Ils sont donc obligés de jeter leurs masques et de se préparer, sans états d’âme, avec l’appui de la France, à faire la guerre au Gouvernement légitime du Mali et à son Armée, pour y « créer les conditions d’une vraie démocratie ». BONI, OUATARA, BLAISE s’autoproclament « les garants d’une vraie démocratie au Mali ».

Les patriotes africains ne devraient pas laisser faire ces suppôts de la Françafrique à la sauce socialiste, et devraient se mobiliser pour arrêter ces fossoyeurs de la Démocratie et de nos frontières héritées du colonialisme.

Le Président Macky Sall est appelé, dans ce contexte, à se démarquer de cette entreprise anti africaine et anti démocratique, en gardant ses positions de refus d’envoyer, sous l’égide de la CEDEAO, des forces combattantes au Mali, et devrait aussi, répondre positivement à la demande du Président Diacounda et de son « Gouvernement d’Union nationale » de large consensus, de soutien en formation de l’Armée Malienne. Et cela, dans la pure tradition de coopération en matière de formation entre nos deux armées.


IBRAHIMA SÈNE Dakar

4.Posté par J-L Gajac le 17/01/2013 15:26

COMMUNIQUE de POLEX (qui date de un mois et demi mais reste intéressant) :
Paris, le 03 décembre 2012

Le Président Hollande clame sa volonté de faire intervenir l’aviation et les forces spéciales françaises pour chasser du Nord Mali les intégristes qui s’en sont rendus maîtres. Il feint ainsi d’oublier que la conquête de cette région par les séparatistes et les djihadistes est la conséquence directe de la guerre impérialiste menée par la France de Sarkozy contre la Libye, guerre impérialiste que le parti socialiste a soutenue quand elle a eu lieu. Aujourd’hui, il dénonce les salafistes narco-terroristes de Tombouctou et Gao, qui sont approvisionnés en armes et en hommes par les Émirs pétroliers et financiers du Golfe Arabique, dont la France cultive l’alliance : l’armée française a organisé en octobre des manœuvres militaires communes avec celle d’Arabie Saoudite sur la base de Solenzara en Corse, simulant des opérations « en terrain ennemi » (!).

Le rétablissement nécessaire de l’unité nationale et de la laïcité de l’état démocratique au Mali ne relève que des seuls Maliens.
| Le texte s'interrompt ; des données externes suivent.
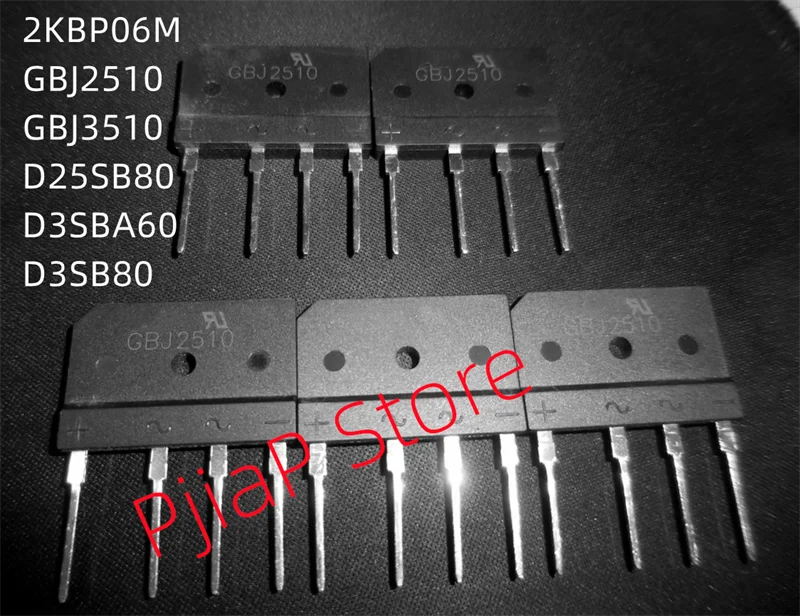 5pcs 100% new original   2KBP06M GBJ2510 GBJ3510 D25SB80 D3SBA60 D3SB80  ZIP4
Il est inadmissible que la France, les USA et leurs protégés (CEDEAO, Qatar, Saoudiens) profitent de l’effondrement du Mali pour installer au Sahara et au Sahel des implantations militaires et économiques nouvelles, comme ils le prévoient.

L’intégrisme islamiste, ennemi de toute démocratie politique et sociale, a toujours été au service de l’impérialisme et du capitalisme contre le mouvement ouvrier et progressiste, en Algérie hier, au Maghreb, au Sahel, en Syrie aujourd’hui. Le gouvernement français ne peut continuer son double langage hypocrite qui consiste à condamner cet intégrisme que ses amis qataris et saoudiens installent partout au pouvoir par les armes et l’argent, de Tunis à Gao, du Caire à Tombouctou, et peut-être à Damas demain.